In response to a user request, I just
pushed
an update to anc.ML
to permit the user to fit a so-called "EB"
model of evolution.
The EB model is described as follows in the documentation of geiger's fitContinuous
function:
“EB is the Early-burst model (Harmon et al. 2010) and also called the ACDC model (accelerating-decelerating; Blomberg et al. 2003). Set by the a rate parameter, EB fits a model where the rate of evolution increases or decreases exponentially through time, under the model r[t] = r[0] * exp(a * t), where r[0] is the initial rate, a is the rate change parameter, and t is time.”

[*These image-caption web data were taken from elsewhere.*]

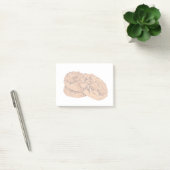 Post-it® Trois biscuits de chocolat (Bureau)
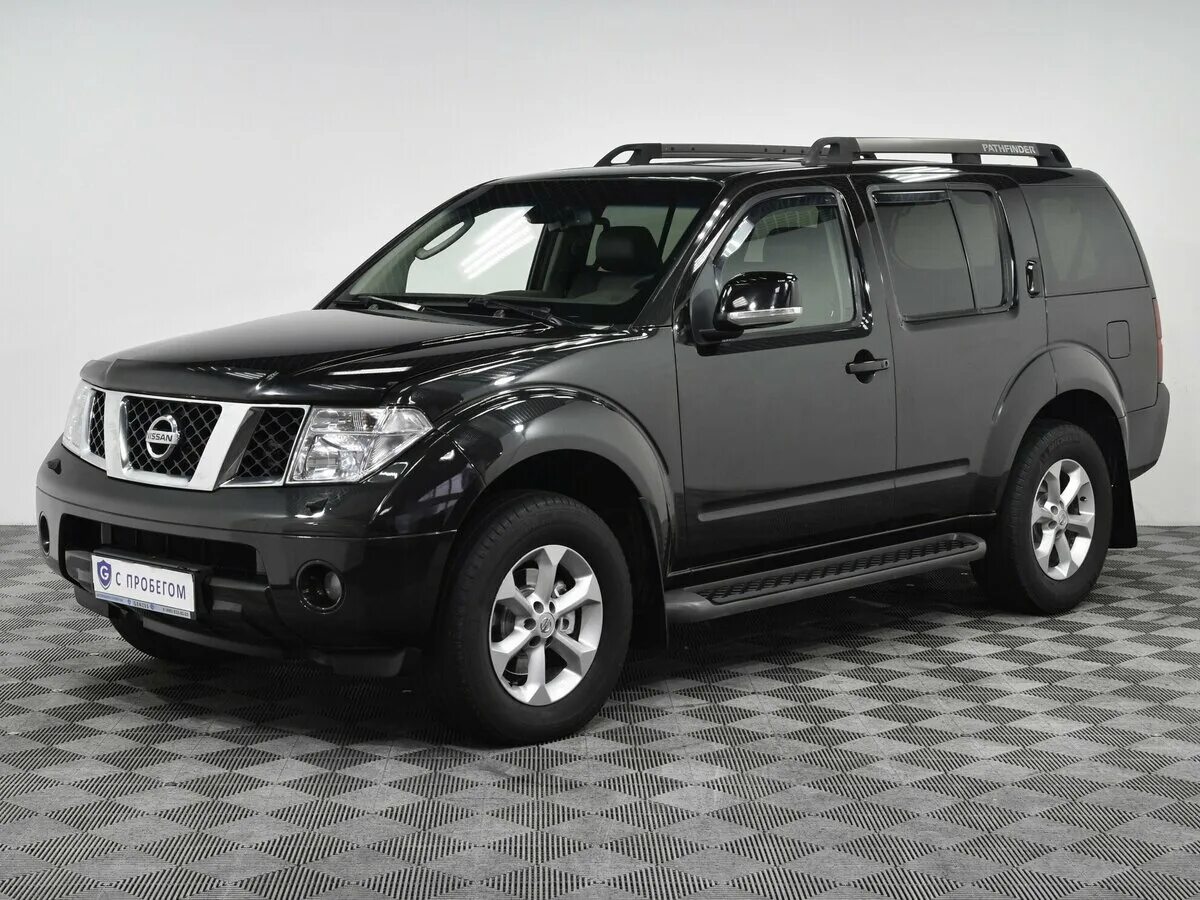 Ниссан патфайндер 2007 фото Купить б/у Nissan Pathfinder III 2.5d AT (174 л.с.) 4WD дизель автомат в Москве:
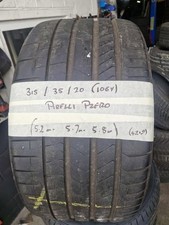 1 X 315 35 20 (106Y) Pirelli  PZero Part Worn Tyre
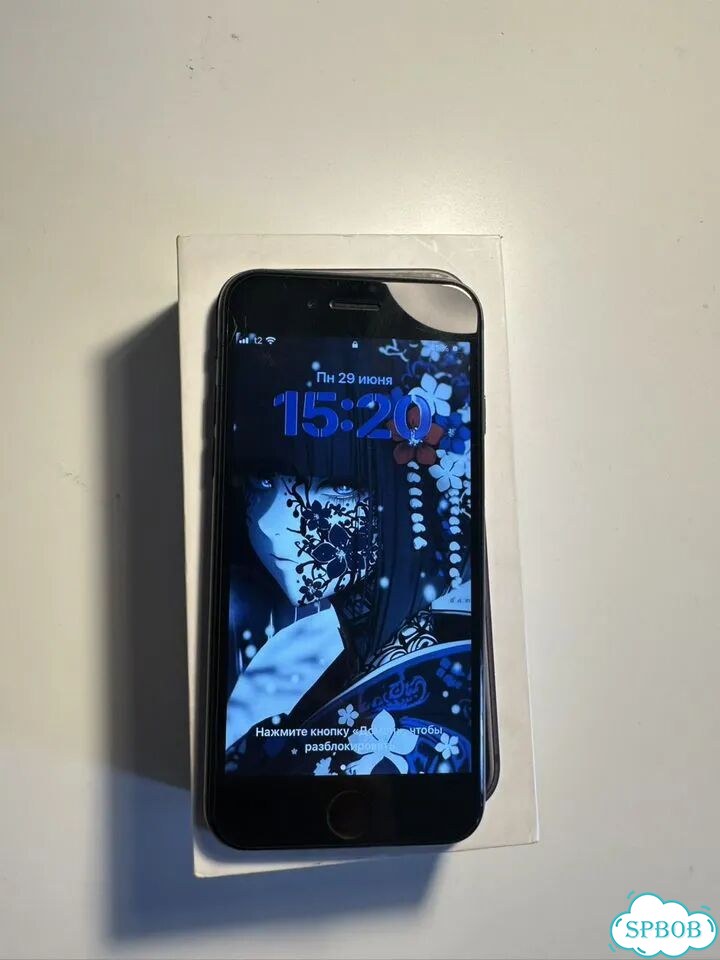 iPhone SE, 64 ГБ, SIM + eSIM фото 1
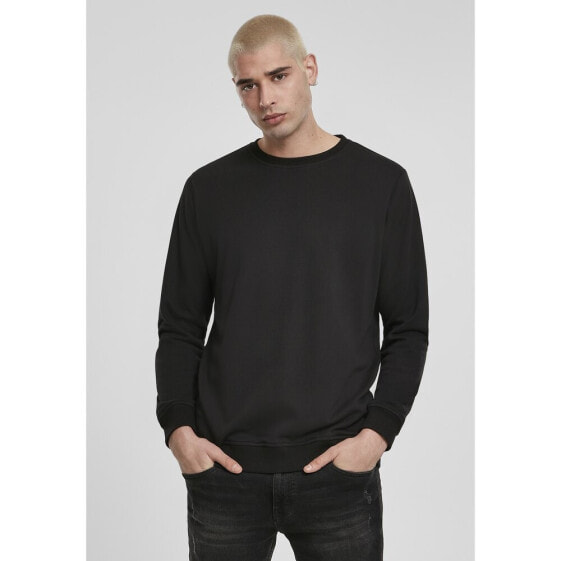 URBAN CLASSICS Sweatshirt Basic Terry Crew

My very knowledgeable colleagues Luke Harmon and
Josef Uyeda both assured me that a an EB transformation of the tree
would give me the correct variance-covariance matrix for both the internal nodes and the tips of the
tree. (This is not true, evidently, for the OU model.) Consequently, my initial plan was just
simultaneously optimize σ2, r, and the N - 1 ancestral nodes (for a bifurcating
tree with N tips) by brute force using one of the built-in optimizers in R such as optim
.
This works - but for even a modest-sized tree will result in a very high-dimensional optimization problem & thus quite long computation time.
Just as I was going to bed the other night, however, it occurred to me that this could be done by numerically
optimizing only σ2 and r, and then running the re-rooting algorithm (as
implemented in the phytools function fastAnc
) on a tree transformed by r for that
iteration of the optimization. Note that it would not work to just compute the ML values of
σ2 and r using an external function, such as fitContinuous
, and then
to transform the tree by the optimized value of r because simultaneous optimization of σ2
and r with the ancestral states results in different MLEs of those parameters! (We also see this for
the BM and OU models, although in the former case it doesn't matter.)
Here's a quick demo using some data simulated under a scenario of decreasing rate of evolution through time.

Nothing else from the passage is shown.